What has changed is the ability to generate algorithms directly from large imaging databases with far fewer steps, directly from the data. By lowering the barriers to algorithm development, deep learning will result in a democratization in development of computer software that will in turn result in a major increase in the number developed and this will make it easier for established imaging software developers as well as innovative start-up companies to create useful, potentially game-changing applications to improve efficiency, patient safety, and communication. Deep learning has also been utilized to improve image quality for PET/CT, MRI, CT and other modalities. One recent article, for example, described the potential for a 200-fold dose reduction in FDG dose for PET/CT scanning.4
Deep learning, the latest and most promising incarnation of AI, will create major advances in diagnostic imaging in the next five to 10 years. This will occur not because deep learning algorithms are necessarily better than traditional CAD approaches, but because they can be developed much faster and by a wider number of innovative developers. This is due to the ability to turn data directly into a deep learning “model” for prediction, which has led to the proclamation that “data is the new source code.” The emergence of these new “AI” algorithms will foster a “best of breed” paradigm in which radiologists and others will seek out specific algorithms for specific tasks rather than choosing a PACS or workstation and sticking with software only for that system.
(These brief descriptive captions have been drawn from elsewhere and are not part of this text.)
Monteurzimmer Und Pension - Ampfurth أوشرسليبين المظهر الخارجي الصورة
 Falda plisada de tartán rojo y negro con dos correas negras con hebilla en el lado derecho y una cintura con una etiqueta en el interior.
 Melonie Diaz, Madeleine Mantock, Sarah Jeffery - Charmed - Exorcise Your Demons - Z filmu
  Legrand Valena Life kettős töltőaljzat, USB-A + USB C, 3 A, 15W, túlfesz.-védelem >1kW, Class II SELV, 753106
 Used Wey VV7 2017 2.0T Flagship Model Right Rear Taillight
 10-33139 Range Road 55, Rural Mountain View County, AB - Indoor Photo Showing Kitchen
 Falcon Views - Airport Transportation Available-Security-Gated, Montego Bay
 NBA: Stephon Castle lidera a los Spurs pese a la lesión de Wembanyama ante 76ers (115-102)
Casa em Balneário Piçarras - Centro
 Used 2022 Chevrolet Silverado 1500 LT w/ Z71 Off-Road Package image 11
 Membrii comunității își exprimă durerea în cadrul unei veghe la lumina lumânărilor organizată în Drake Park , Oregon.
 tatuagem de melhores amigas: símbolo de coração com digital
Indeed, in a manner analogous to the music industry, imaging departments will not want to buy the whole “record” or “CD” to hear a single song. Instead, they’ll want to download just that selection. This will have a major disruptive influence on PACS and subspecialty workstations and will provide tremendous, innovative sources of new and useful applications.
As it turns out, figuring out what’s wrong with an image is a much more difficult task than simply figuring out what’s in an image in the first place. And a combination of the need for vast amounts of annotated, up-to-date data, along with the certainty of new regulatory hurdles and medico-legal and technical challenges will keep radiologists employed for many years to come.